In some embodiments the play area information is transformed into a suitable internal geometry format (e.g., such as yaw, pitch, roll) used by the renderer to represent geometries and aligned with renderer coordinate system.
This information is updated every time the user teleports or the position of the play area is changed by some other means.
In some embodiments the play area information determiner/receiver 503 is configured to employ an interface such as shown in the following example: PlayAreaIngestionInterface{ PlayAreaLocation(); PlayAreaExtent(); unsigned int(1) SceneCoordinatesFlag; if(!SceneCoordinatesFlag) CoordinatesTransformStruct(); PlayAreaLocationf unsigned int(32) positionX; unsigned int(32) positionY; unsigned int(32) positionZ; signed int(32) OrietationYaw; signed int(32) OrientationPitch; signed int(32) OrientationRoll; PlayExtent{ unsigned int(32) ExtentX; unsigned int(32) ExtentY; unsigned int(32) ExtentZ; CoordinatesTransformStruct{ unsigned int(32) TranslateX; unsigned int(32) TranslateY; unsigned int(32) TranslateZ; signed int(32) RotationYaw; signed int(32) RotationPitch; signed int(32) RotationRoll; In the example interface shown above PlayAreaLocation() describes the play area position and orientation in 6DoF scene coordinates if SceneCoordinatesFlag is equal to 1. If SceneCoordinatesFlag is equal to 0, an additional structure to transform the physical play area coordinates into 6DoF scene coordinates. This transformation information is specified via the CoordinatesTransformStruct().

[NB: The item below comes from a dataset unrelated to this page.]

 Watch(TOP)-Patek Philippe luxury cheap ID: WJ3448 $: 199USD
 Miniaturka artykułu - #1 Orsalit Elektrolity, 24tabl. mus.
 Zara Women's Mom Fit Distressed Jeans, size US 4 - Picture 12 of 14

Furthermore PlayExtent() specifies the extent of the play area with the extent midpoint for each axis being collocated with the center of the play area. In different embodiments, the play area can be asymmetric.

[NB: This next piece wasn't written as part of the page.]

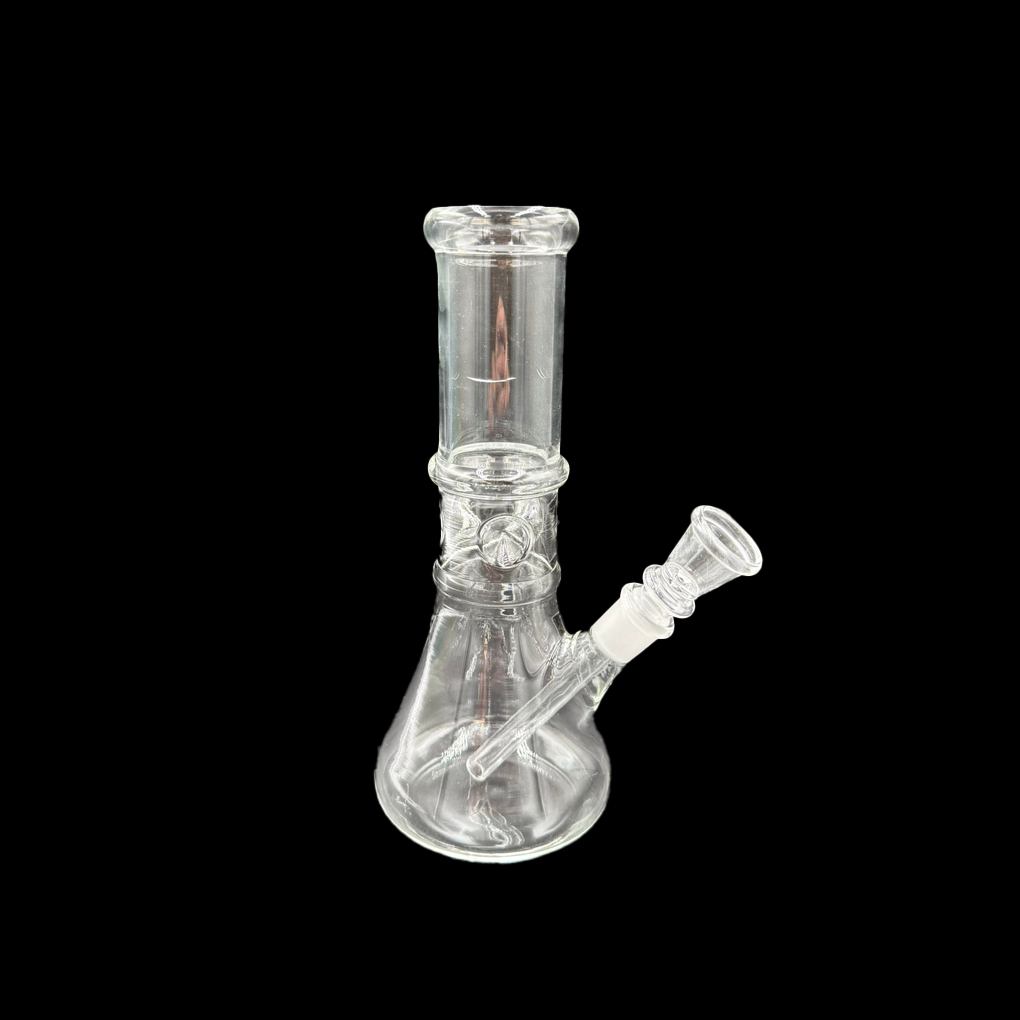 CLEAR CLASSIC – GLASS WATER PIPE – 8-INCH – ROUND BASE – STRAIGHT NECK – 1CT – GB-RBSN-08-200G – [MSRP: $11.50]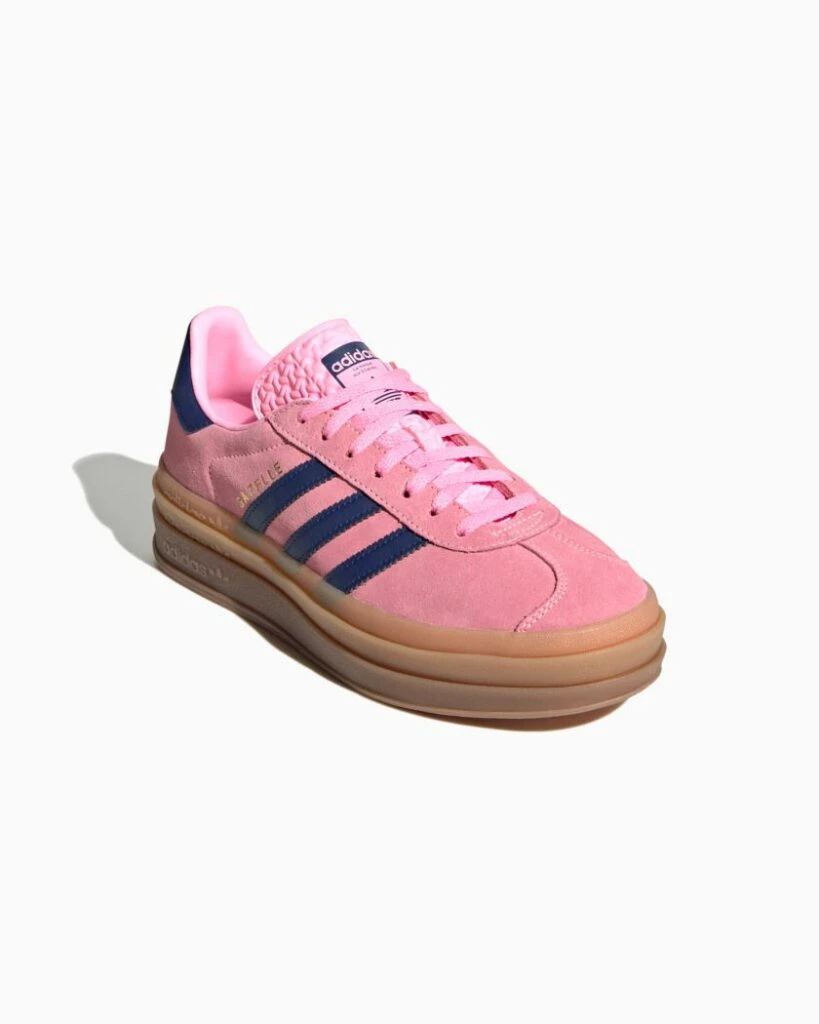 adidas gazelle silver green womens adidas Women's Originals Gazelle Bold "Clear Pink"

In some embodiments the apparatus comprises a listener position obtainer 505. The listener position obtainer 505 is configured to obtain or determine the listener position. This can for example be determined by any suitable user input such as from the HMD or other user selection.
In some embodiments the apparatus comprises an audio rendering control parameter determiner 507. The audio rendering control parameter determiner 507 in some embodiments is configured to obtain or receive the audio scene metadata and audio data (from the audio scene metadata and audio data obtainer 501), the play area information (from the play area information determiner/receiver 503) and the listener position (from the listener position obtainer 505).

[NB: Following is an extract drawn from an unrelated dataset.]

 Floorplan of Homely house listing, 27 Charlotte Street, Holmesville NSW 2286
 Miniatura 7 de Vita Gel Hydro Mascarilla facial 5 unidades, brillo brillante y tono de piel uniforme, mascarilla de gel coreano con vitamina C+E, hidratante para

The audio rendering control parameter determiner 507 can then be configured to generate or determine at least one parameter for audio rendering control (and with respect to the play area and the listener position). The parameter in some embodiments comprises a renderer setting. In some embodiments the parameter can be directly obtained from the bitstream. The parameter can in some embodiments be configured to indicate, for example, that audio rendering is muted if the listener is positioned outside of the play area.
In addition, in some embodiments a further parameter can be determined which is configured to indicate a threshold distance from the play area border that when crossed, will cause the audio rendering to be muted or mute audio elements lying outside the play area.
In some embodiments the parameter determiner is further configured to generate a parameter configured to control audio element rendering for audio elements outside the play area such that the rendering of the audio element is made diffuse. In some embodiments the parameter is configured to control the rendering aspects such as disabling or reducing a gain value applied to the audio signals associated with the audio element.
In some embodiments the parameter configured to control audio element rendering for audio elements outside the play area (non-audio producing elements) can comprise such control parameters as: ignoring or reducing the effect of reflections; and ignoring or reducing the effect of occlusion caused by geometry elements that are outside of the play area (or outside of the user accessible region -UAR as further explained below).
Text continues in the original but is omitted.